On November 19, GQ editor Jim Nelson launched a tirade against the NRA based on an experience this past summer in which he admittedly confused the sounds of fireworks for a mass shooting.

Nelson appears to been worked up from accepting highly exaggerated figures on mass shootings–he claims there have been “305 mass shootings in America this year alone”–so the sound of fireworks launching and exploding in the air seemed to him the just another mass shooting that gun control proponents claim happens every day.

Similar highly elevated numbers on mass shootings have been attained by others who discard the FBI’s definition of a mass shooting–a shooting which results in four or more fatalities–and replace it with the much lower threshold which considers “four or more people shot in one event” as a mass shooting. All four people could walk away the from the scene under their own power or the shooting could be a gang-related shootout on the streets of Chicago or part of a home invasion in Baltimore or St. Louis, yet Nelson and those who share his calculation methodology would look at all of them as if they were an actual mass shooting like Umpque Community College, the DC Navy Yard, or the 2007 attack at Virginia Tech University.

So Nelson writes that he was at a theater this past summer watching a film in which a “15-year-old virgin [was kissing] the much older mustachioed creep who was dating her mom.” He sensed a divide between those who were sexually aroused and those who were morally disgusted. And it was at the height of this divide that he began hearing booms and pops coming from the theater next door–or should we say, the theater which he thought was next door.

He said he kept trying to figure out what movie the patrons in the next theater might be watching when suddenly it dawned on him–there must be a gunman next door.

Nelson wrote: “The noise was coming toward us. Another round. Unmistakable. Holy sh*t, it’s a shooter. This was right after that psycho had shot up a movie theater in Lafayette, Louisiana, with a gun he picked up legally and easily at a pawnshop.” He started imagining headlines to go with the mass shooting he was sure he was now part of. He ran headlines and scenarios through his head and then he thought to run. That was it–he was going to run! Then silence. The pops stopped and in due course he realized he had been listening to a fireworks display that was taking place outside the building, not in another theater.

But damn the NRA! It’s time to fight “the gun lobby.” It’s time for presidential candidates to fuel the movement by being willing to carry out the fight.

Nelson wrote:

Maybe it can build to something bigger: a rejection of the nation’s Eleventh Commandment, handed down by Charlton Heston and the NRA, that every act of gun violence is the price of freedom and that any impingement on the right to bear arms hurts God’s feelings.
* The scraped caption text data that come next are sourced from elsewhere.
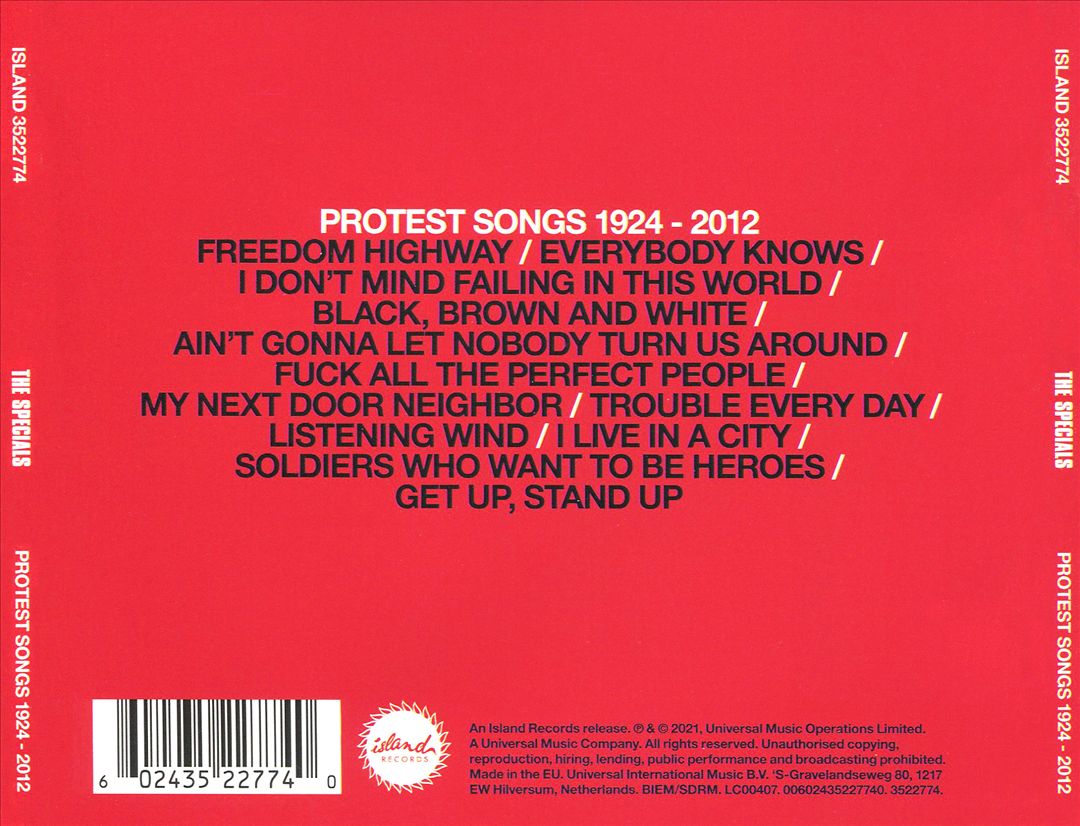 Protest Songs 1924-2012 cover art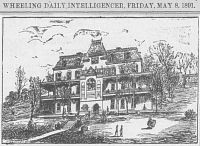 Illustration of Altenheim from Wheeling Daily Intelligencer, May 8, 1891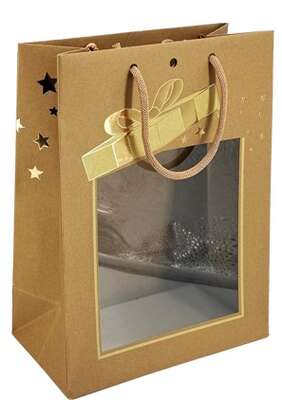 Image produit Sac fenêtre " Monsieur Lupin Or"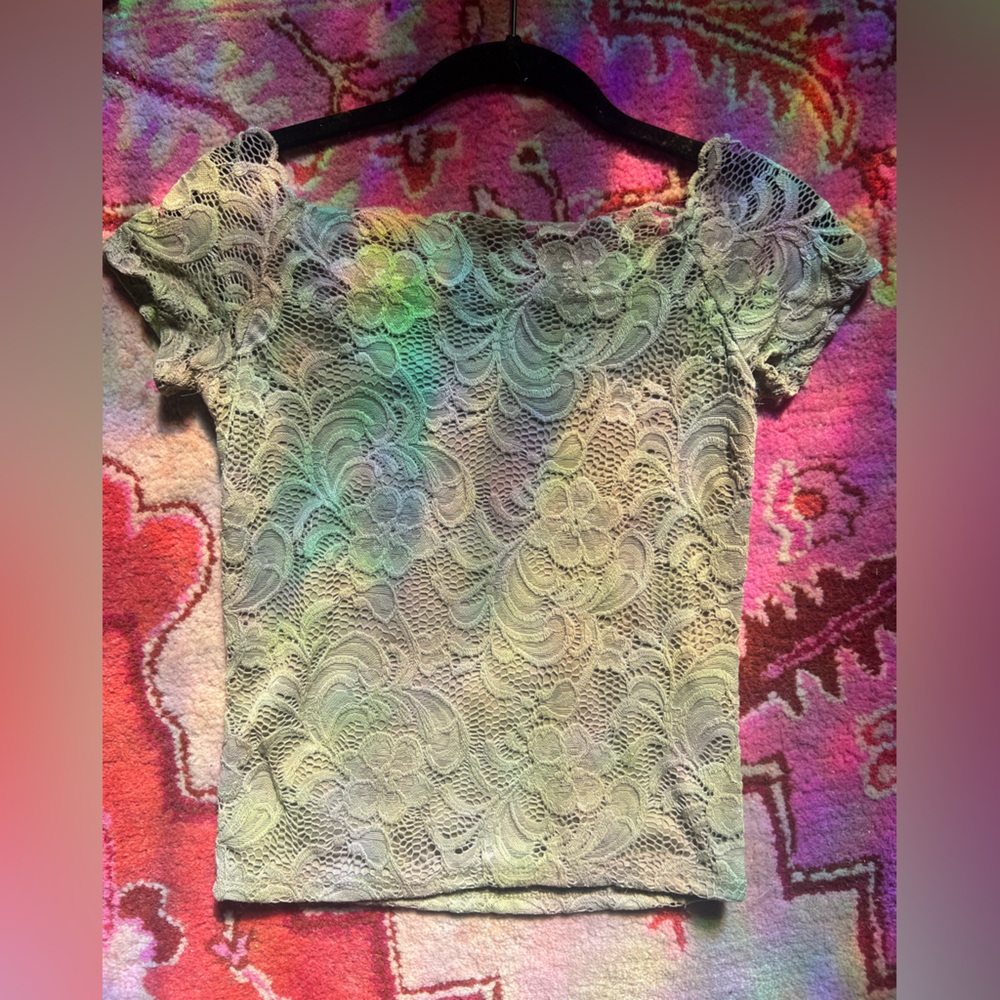 Ambiance Green Lace Top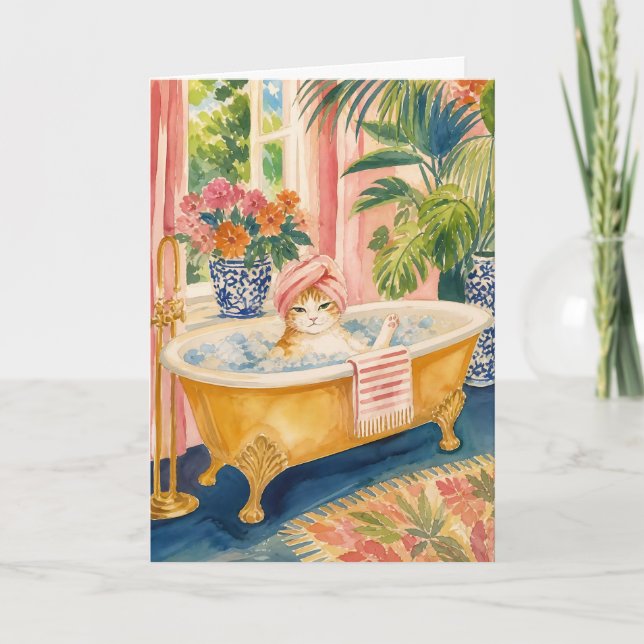 Tarjeta de Felicitación de Tiempo de Baño Maximali (Anverso)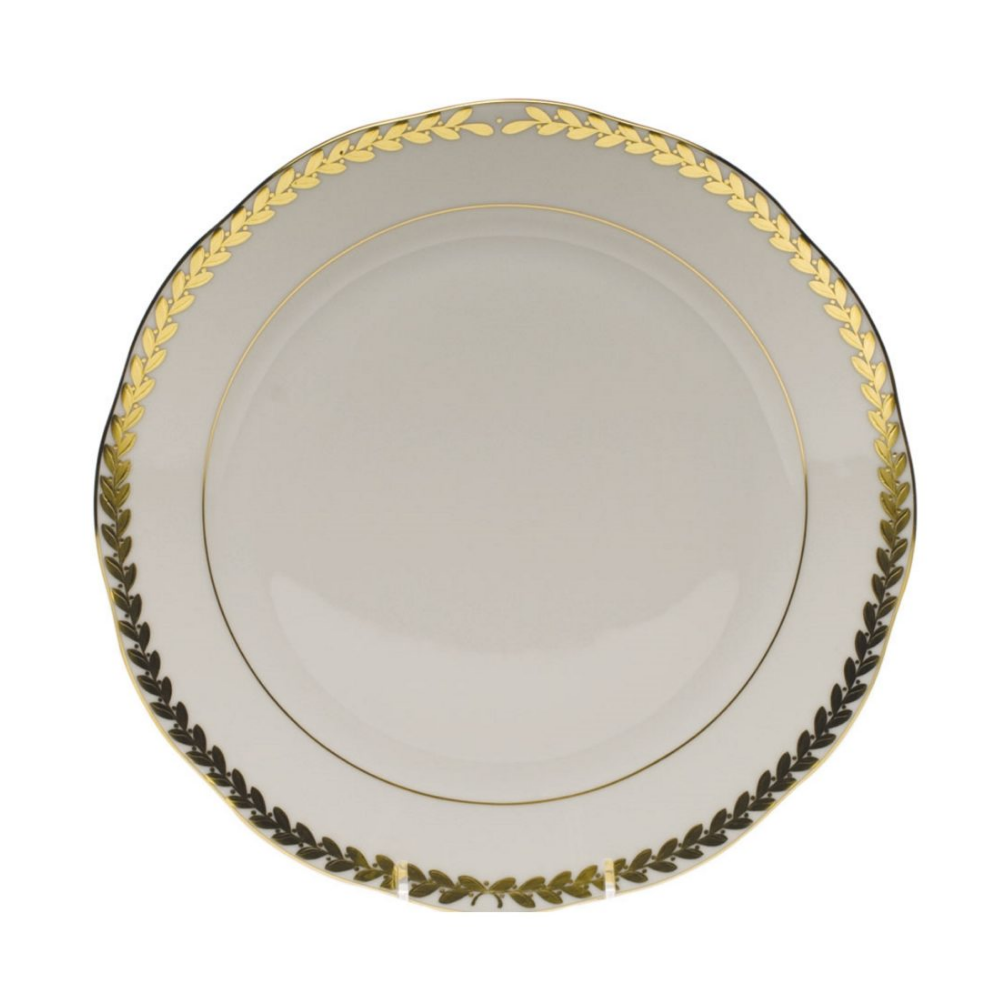 HEREND GOLDEN LAUREL DINNER PLATE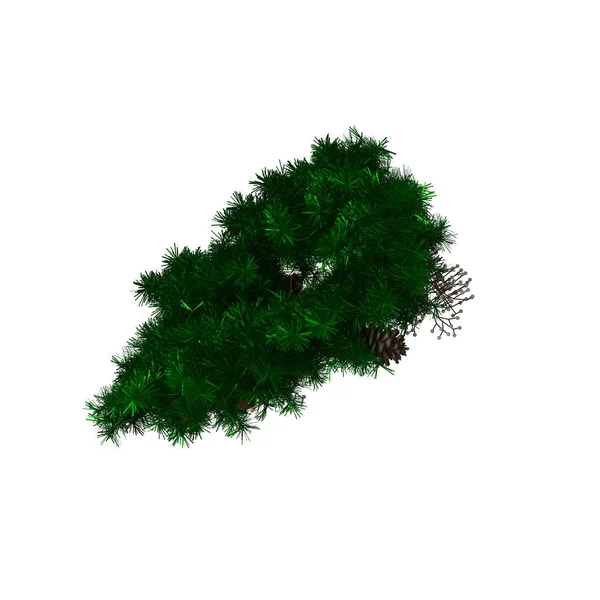 Украшение елки, изолировать на белом фоне. 3D рендеринг отличного качества в высоком разрешении — стоковое фото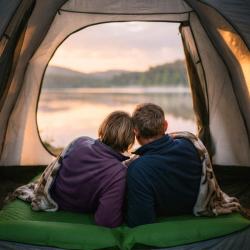 Nils NC4060 zelená samonafukovací dvouosobová karimatka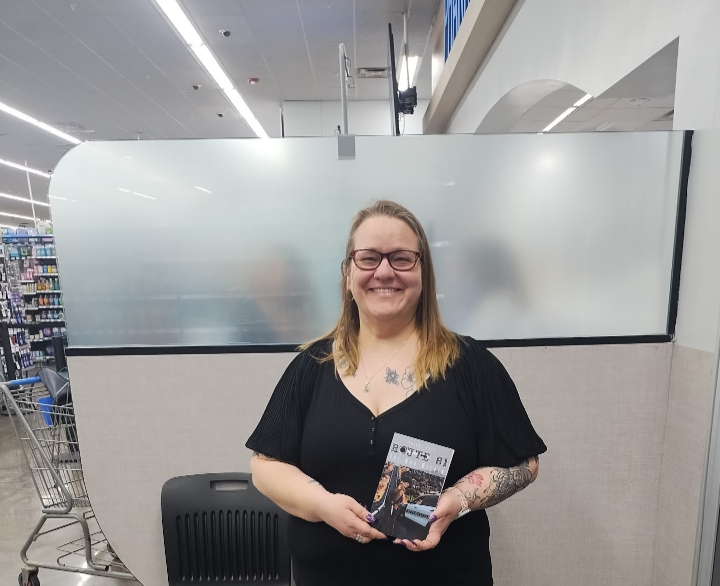 Reader with their book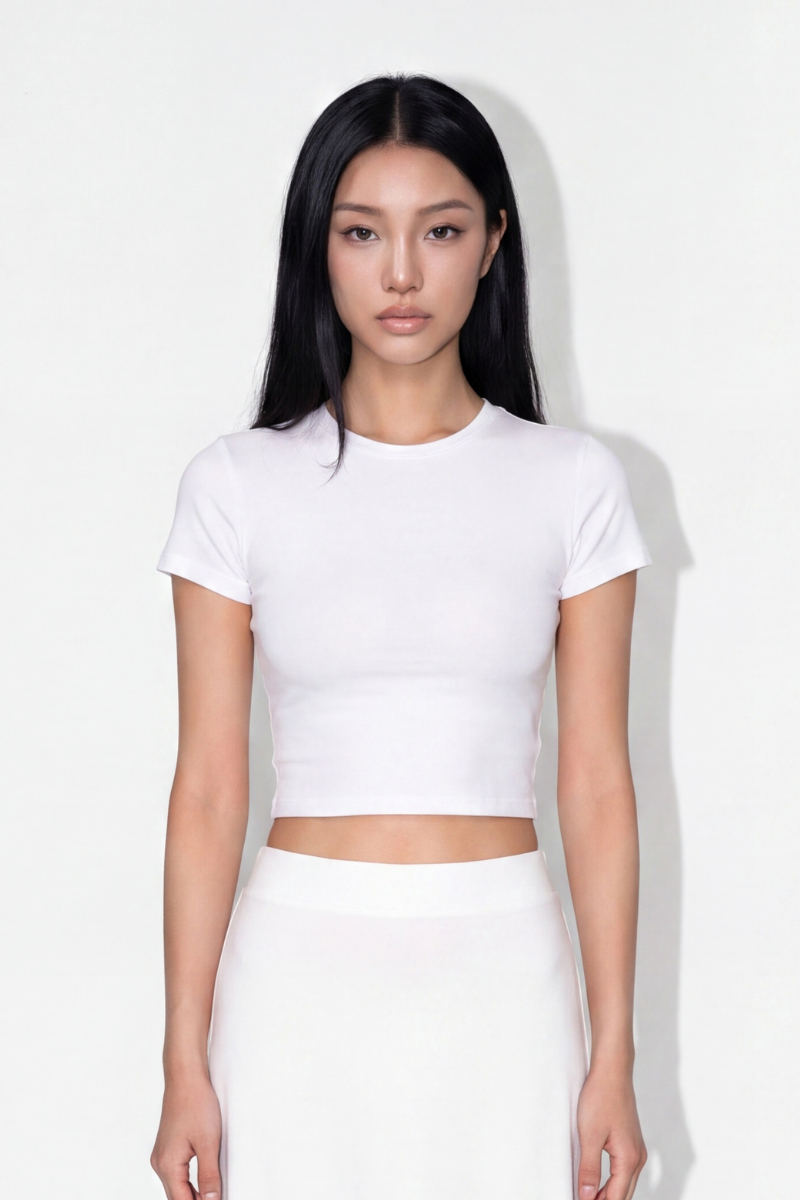 BINA BABY TEE (WHITE)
A much more rational approach would be to A) quit spending the day hyped-up by reading exaggerated mass shooting numbers and B) be prepared–not paranoid, but prepared–by carrying a gun for self-defense in a manner that complies with the laws in the state in which you live. There will not be any need to draw that gun in the event of a fireworks display, but it will be good to have the gun on your person should someone with evil intentions approach you or your family at a movie theater, a restaurant, or in poorly lit parking lot.